Managed services has grown out of it’s formative years into a multifaceted solution that can scale to any size business. IT infrastructure can now be managed in a way that allows technicians to access any device belonging to it. Smart phones, network switches, routers, laptops, servers, printers, and the cloud itself can all be managed from a central NOC (Network Operations Center). In this way, a single operating technician can troubleshoot devices anywhere in an organization with the touch of a button.

The tools with which technicians can now utilize include the ability to reload entire operating systems, upgrade firmware & software, reset devices, lock down devices, and implement a variety of other troubleshooting techniques. Technicians rarely if ever need to be on-site any more these days. Some obvious exceptions are when a new piece of technology needs to be physically installed, or components need to be physically replaces, but the days of high-end consultants hanging out on site for days on end are coming… to an end.

“In the cloud” is just a easier way of saying that part of your business is located on a distributed server farm with redundancy and high availability resiliency built into your network, platform, software, or physical server architecture. See? I said there was an easier way to say it …for now think of the cloud as a wire coming from your computer and connecting “out there” to some computer/servers, etc, to deliver the application or data you need.

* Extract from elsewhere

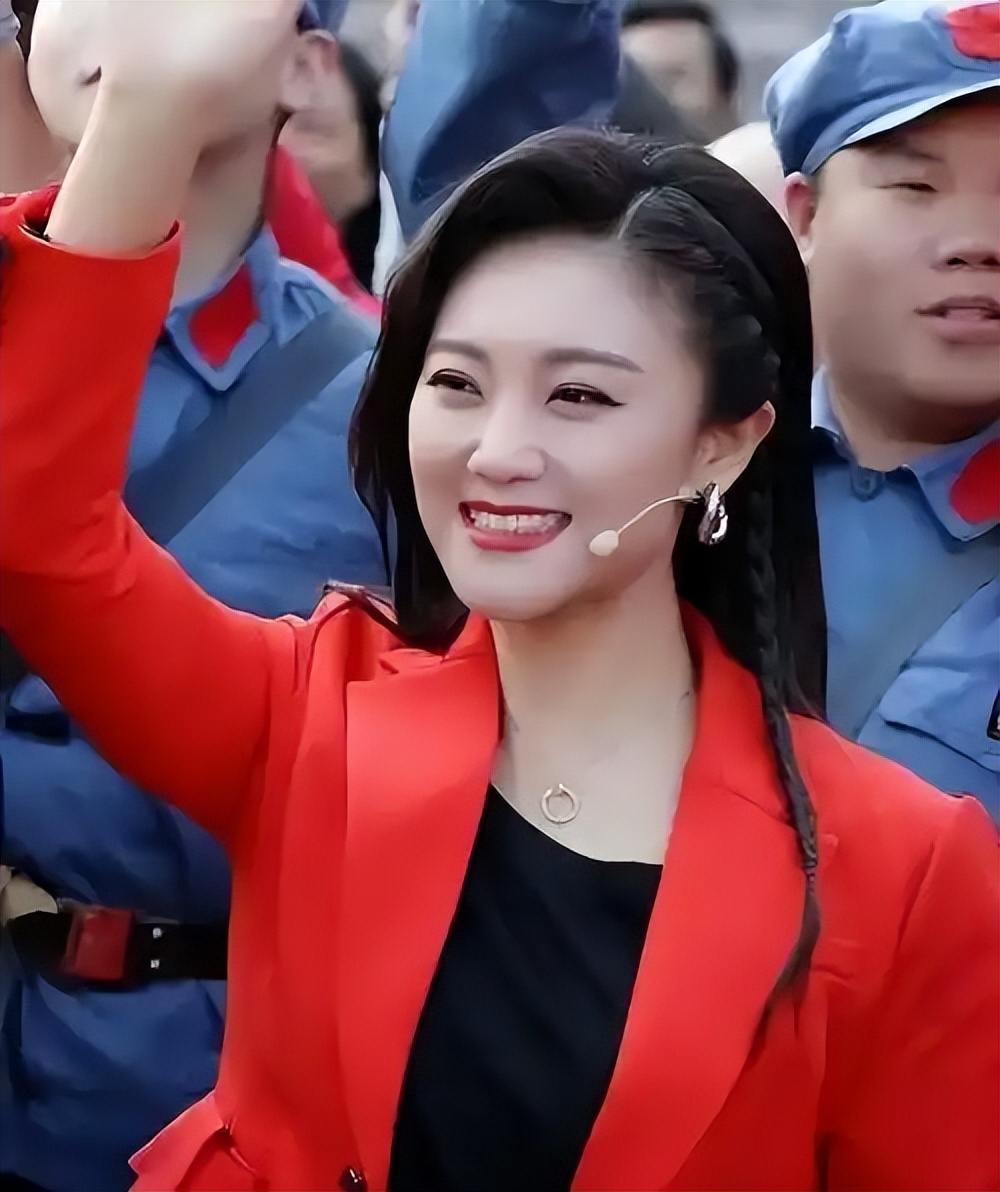 玖月奇迹离婚7年，王小玮近况曝光，43岁无婚无育，身体发福显老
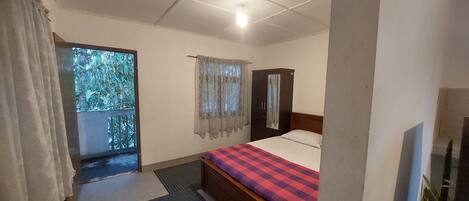 2 quartos, ferros/tábuas de passar roupa, Wi-Fi, roupa de cama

I’m not really big on info-graphics because I don’t like trendy buzzwords, or trendy ideas that reach pop-culture. I usually run in the other direction, that being said, occasionally I come across an infographic that is cool enough to mention. This one comes from SalesForce. It illustrates several points that I would like to make about the evolution of Managed Services.

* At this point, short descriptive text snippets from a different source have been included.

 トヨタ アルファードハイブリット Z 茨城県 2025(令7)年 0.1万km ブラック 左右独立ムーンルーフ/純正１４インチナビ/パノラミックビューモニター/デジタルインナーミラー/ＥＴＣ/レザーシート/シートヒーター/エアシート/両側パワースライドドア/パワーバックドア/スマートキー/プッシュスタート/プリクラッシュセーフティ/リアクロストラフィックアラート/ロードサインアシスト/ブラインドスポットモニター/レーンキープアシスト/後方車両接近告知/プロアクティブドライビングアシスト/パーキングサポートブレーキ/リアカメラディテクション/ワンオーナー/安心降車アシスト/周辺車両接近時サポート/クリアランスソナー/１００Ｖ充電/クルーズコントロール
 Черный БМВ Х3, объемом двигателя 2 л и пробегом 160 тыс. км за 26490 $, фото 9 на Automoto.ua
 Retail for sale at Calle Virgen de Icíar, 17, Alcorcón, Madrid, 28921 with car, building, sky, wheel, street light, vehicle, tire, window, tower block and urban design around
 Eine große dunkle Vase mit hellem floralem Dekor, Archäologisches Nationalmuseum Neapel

cloud-evolution by data.com

Click on the image to see it in full size – image credit goes to salesforce

The use of the cloud to access and control computers and other network attached devices within an interconnected cloud network is nothing new. I remember controlling devices remotely over a cloud network & serving cloud applications for IT purposes as far back as 1997 and I know that the origins of cloud control go back probably to ARPANET days in 1969 and probably further back then that if you consider the operation of traditional mainframes. My point is that it is not new. What is new is the very wide variety of technologies and well defined architectures that are now available for scaled use in nearly every conceivable IT environment on the planet. Cloud computing is accessible for SMBs & SMEs alike. It is indeed available for personal use at an affordable level and sometimes free. Cloud computing is ubiquitous and can be implemented on any level and to any degree.

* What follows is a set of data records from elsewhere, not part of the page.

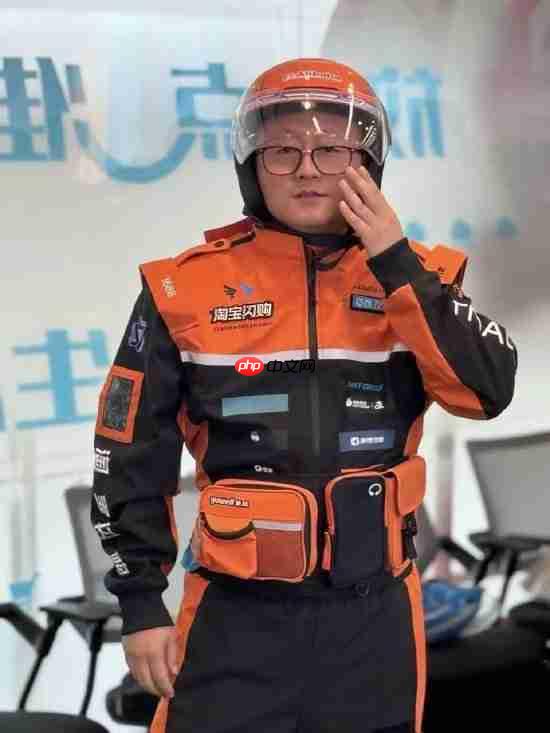 淘宝闪购骑手新工装曝光：印满阿里系品牌 logo，成“行走的广告牌”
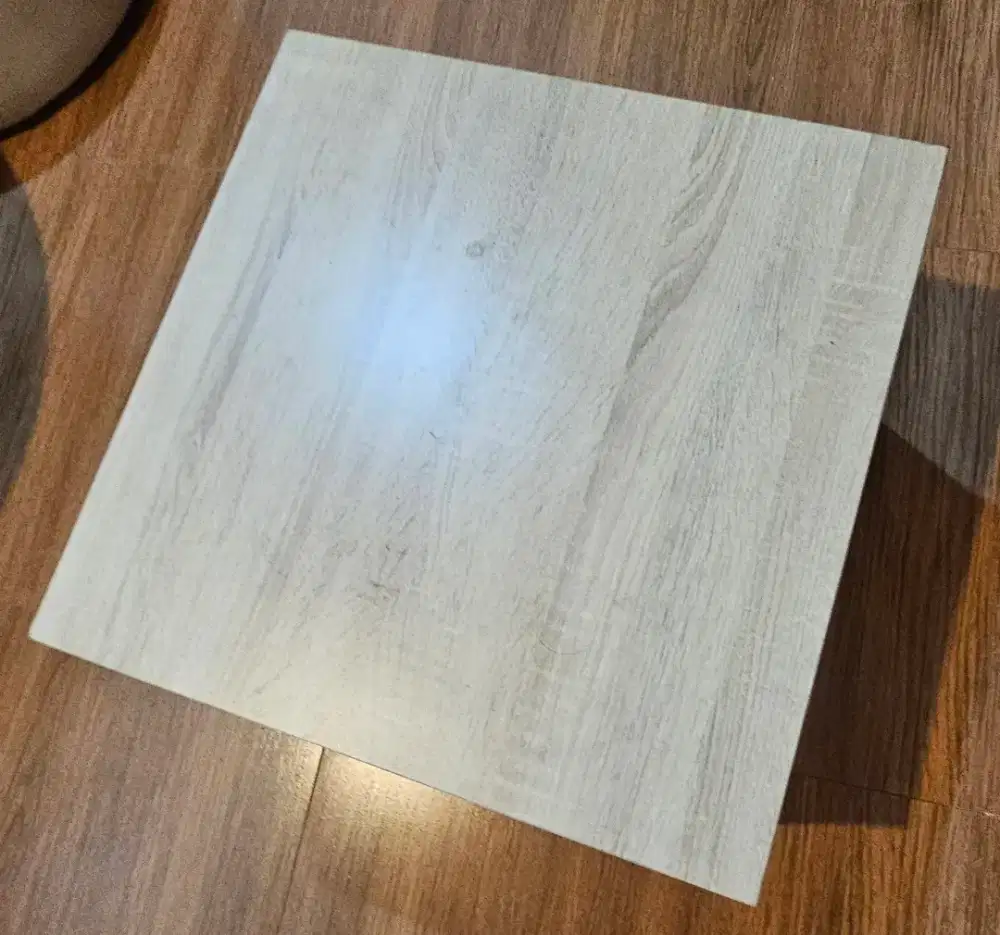 Paket Meja & Rak Minimalis — Second, Hemat Ruang!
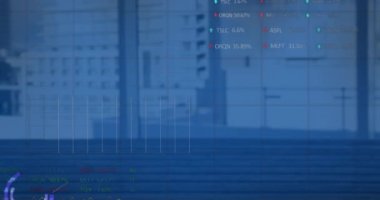 Pencereden yüksek binaların görüntüsüyle karşılaştırıldığında istatistiksel ve borsa veri işleme animasyonu. Küresel ekonomi ve iş veri teknolojisi kavramı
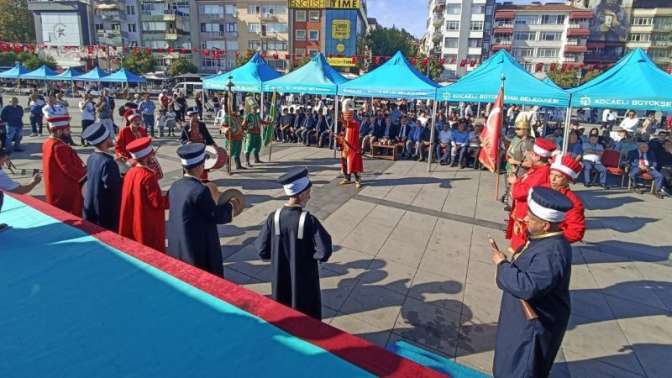 Kent esnafı, haftasını coşkuyla kutladı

What does this all mean for you and your business? Well, it means that you can have SaaS (Software as a Service); email, CRM, virtual desktop computing, accounting packages, logistics packages, etc. can now all be run from the cloud which means that updates, maintenance, scaling, & delivery all come from the cloud. High availability, backup, disaster recovery, & continuity can also come from the cloud as we’ll see next.

The Future of Cloud Computing Think Tank, hosted by Dell & VMWare

This infographic is a great illustration of typical discussions surrounding various implementations of cloud computing with providers and customers.

Not only can software now be delivered as a service from the cloud but also your basic IT infrastructure. While workstations, switches, and routers still need to be located on site, they can be managed from the cloud. IaaS (Infrastructure as a Service) allows you to take your servers, backup devices, virtual machines, and place them all in the cloud ie. (data center), and administer them from a centrally. If you oversimplify this mode of computing, you could say that it reflects the old centralized mainframe computing idea whereby all computers act as dumb terminals and receive their data & applications from the mainframe. Ironically, this is not far from the truth, however rather than going full circle, we have spiraled upward and are now reflecting some of the better points of the centralized computing model with many new advantages.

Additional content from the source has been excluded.